Les biotests ont pour but de mesurer les effets doses-réponses de l’insecticide sur l’insecte-cible, de rechercher la concentration optimale à ne jamais dépasser et de fixer in fine la dose nominale maximale autorisée. Certains biotests sont également utilisés pour mesurer la sensibilité des espèces cibles par rapport à un insecticide donné et détecter l’apparition de phénomènes de résistance. Il existe également des tests standardisés pour les moustiquaires imprégnées d’insecticides (WHO 2005a, 2011), les répulsifs (WHO 2009c, 2013) et les insecticides pour le traitement des avions (WHO 2012).
Mesure de l’efficacité d’un traitement larvicide au niveau opérationnel
L’efficacité biologique d’un traitement larvicide est évaluée en réalisant un échantillonnage représentatif des effectifs de la population larvaire présente avant et après le traitement.
Concrètement, les prélèvements larvaires au filet Langeron sont réalisés dans la lame d’eau à plusieurs endroits représentatifs de la parcelle récemment submergée et généralement moins de 24 h avant le traitement. La manière de collecter ces échantillons est tributaire du stade de développement, de l’espèce et du milieu où elle se développe. Le contenu du filet est ensuite transvasé dans un petit plateau d’1 litre contenant de l’eau du gîte. Le dénombrement des larves dans le plateau est soit exhaustif soit estimatif, en utilisant un abaque visuel (Carron et al. 2003), le nombre ou la classe de densité étant enregistré. Cette opération est reconduite 24 heures après le traitement et c’est la différence entre les moyennes des densités observées avant et après traitement, exprimée en pourcentage, qui permet de confirmer l’efficacité de l’intervention.
Par ailleurs, la présence de populations de moustiques adultes est régulièrement évaluée (fréquence hebdomadaire) sur l’ensemble de la zone soumise au contrôle, au droit des gîtes larvaires ou le long des couloirs de migration identifiés. Cette surveillance permet de mesurer le niveau de nuisance résiduelle ou d’alerter, en cas d’échec partiel d’un traitement larvicide.
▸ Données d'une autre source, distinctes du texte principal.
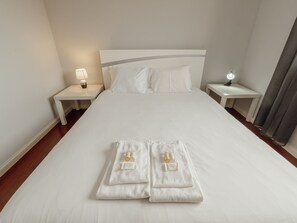 Habitación de hotel con una cama grande, dos mesitas de noche con lámparas y una toalla doblada con artículos de aseo sobre la cama.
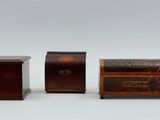 two small wooden chests sitting next to each other on a white surface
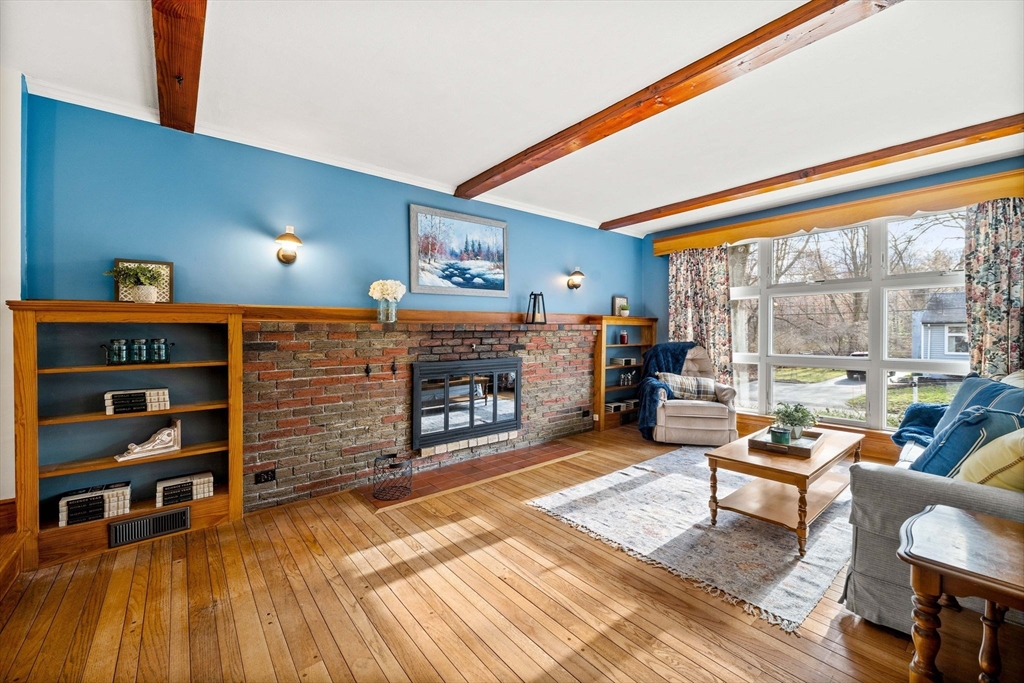 1 Ledgewood Road Wilmington, MA 01887 - Photo 10 of 36 a living room with furniture a rug and a floor to ceiling window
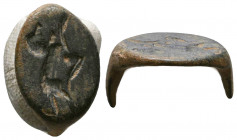 Roman Bronze Seal Ring with a deity on bezel , Circa 1st - 2nd Century AD.

Weight: 4.3 gr
Diameter: 20 mm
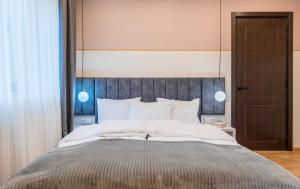 Postel nebo postele na pokoji v ubytování Devdaraki Apartments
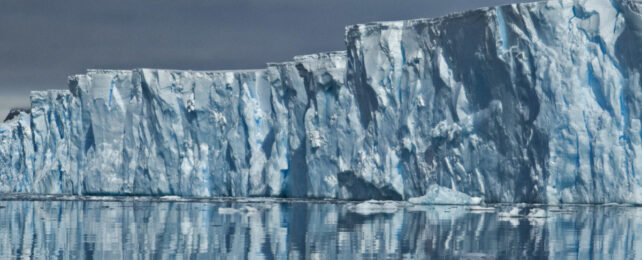 photo of an immense blue-white ice cliff towering over still ocean water.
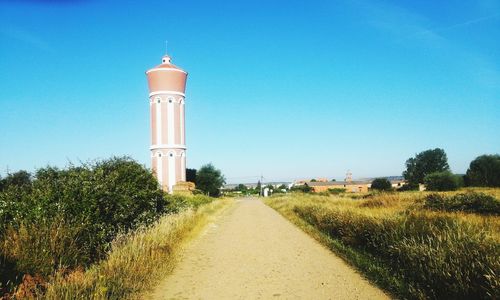 View of lighthouse against clear blue sky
Elle donne également des indications précieuses sur la présence effective et toujours significative des autres espèces de moustiques (Culex spp., Anopheles) non ciblées par les opérations de contrôle et qui représentent une part importante de la biodiversité et de la biomasse de ces milieux. Elle est réalisée au moyen de pièges attractifs (généralement au C02) ou en recourant à la technique de capture sur l’Homme (collecte, à l’aide d’un aspirateur, des moustiques cherchant à piquer pendant ¼ heure), réalisée au lever du soleil. Les espèces ainsi capturées sont systématiquement identifiées, dénombrées et les données enregistrées.